▶ **DATA RECORDS**
● ● ● ●

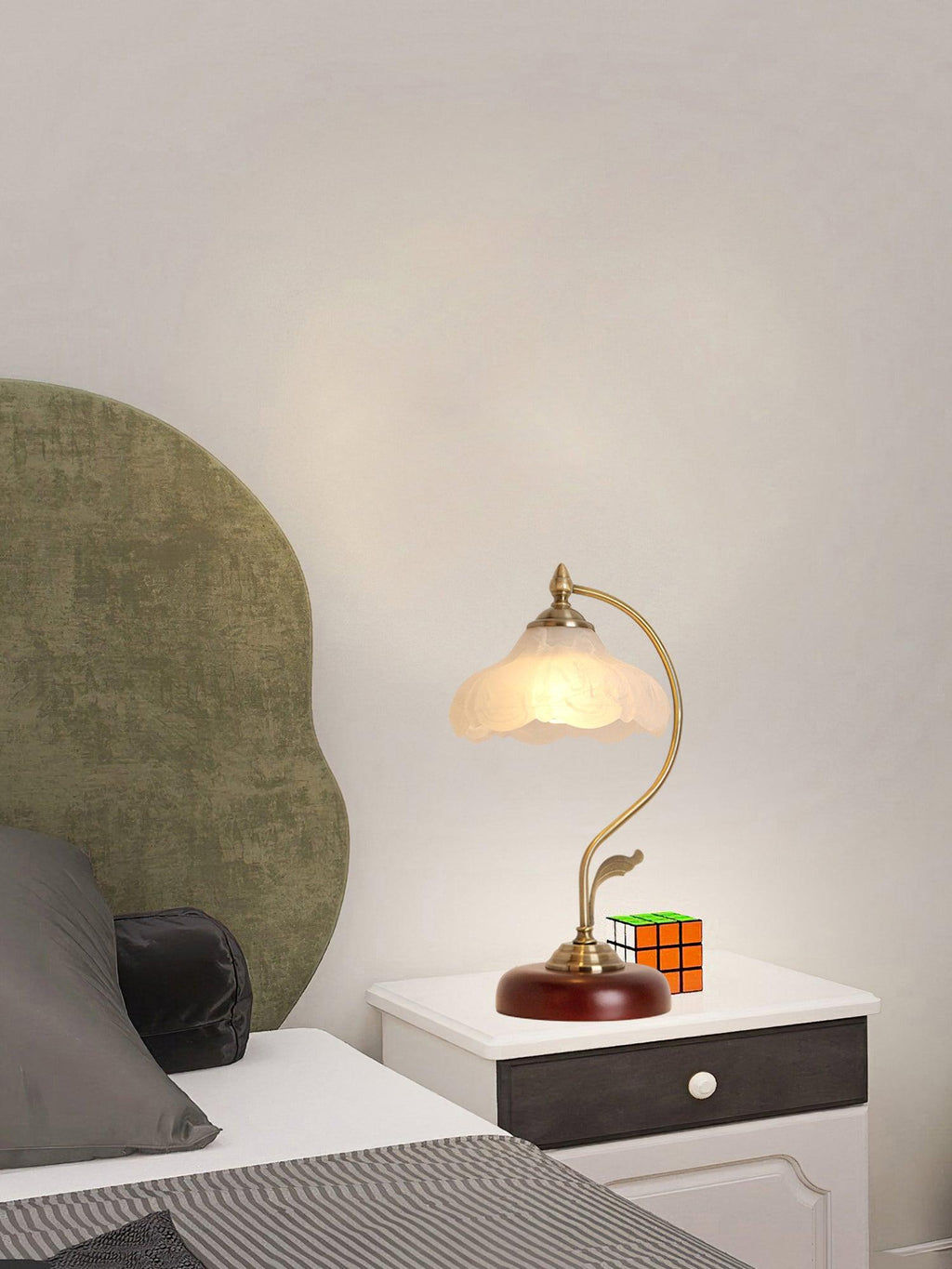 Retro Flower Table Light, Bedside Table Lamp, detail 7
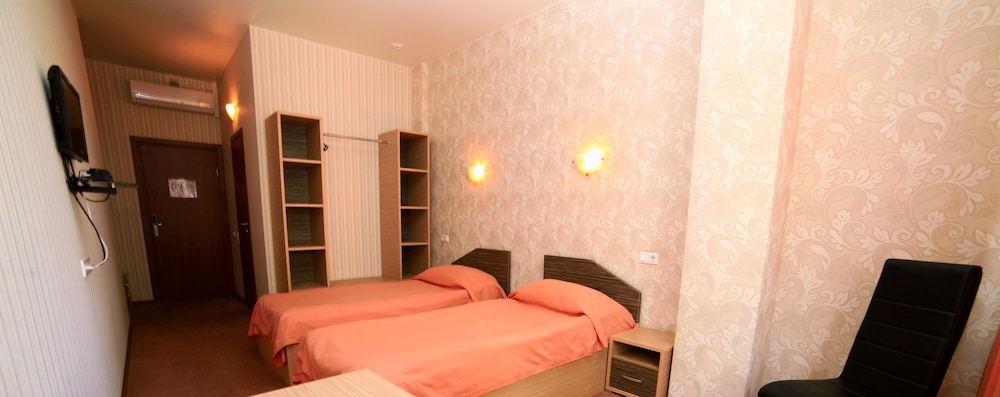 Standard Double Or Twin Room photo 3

● ● ● ●

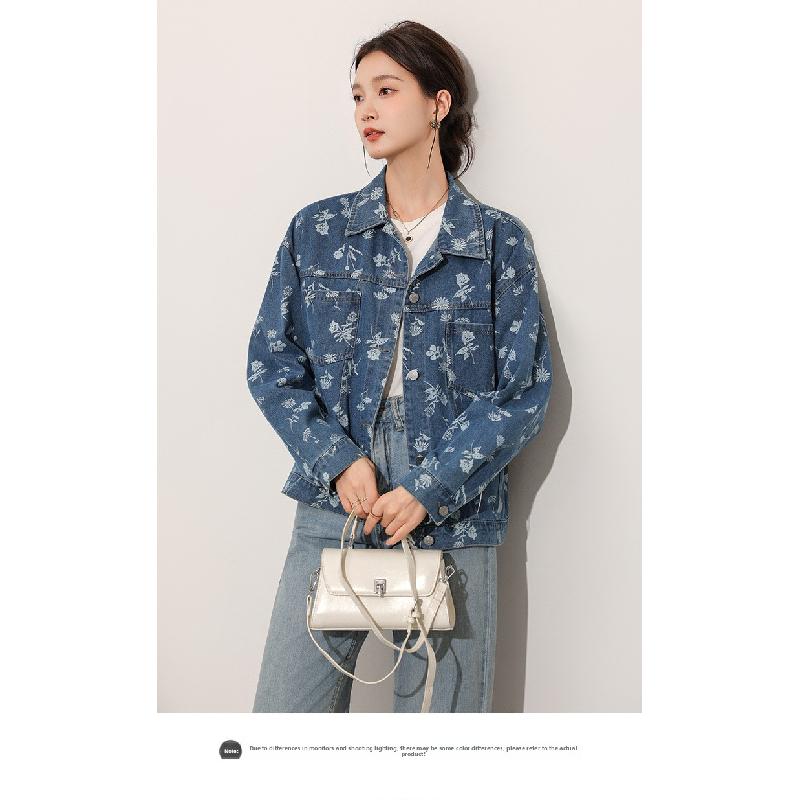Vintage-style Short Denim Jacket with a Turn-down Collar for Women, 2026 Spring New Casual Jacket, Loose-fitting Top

● ● ● ●

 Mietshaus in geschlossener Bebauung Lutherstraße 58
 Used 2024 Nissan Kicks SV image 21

● ● ● ●

▶ **TRY IT**
Your copy should hold only the lines above from the one containing "Retro Flower Table" through the one containing "Standard Double Or Twin Room photo 3", exactly as written and free of pictures.

▶ **ANSWER AREA**
 Retro Flower Table Light, Bedside Table Lamp, detail 7
 Standard Double Or Twin Room photo 3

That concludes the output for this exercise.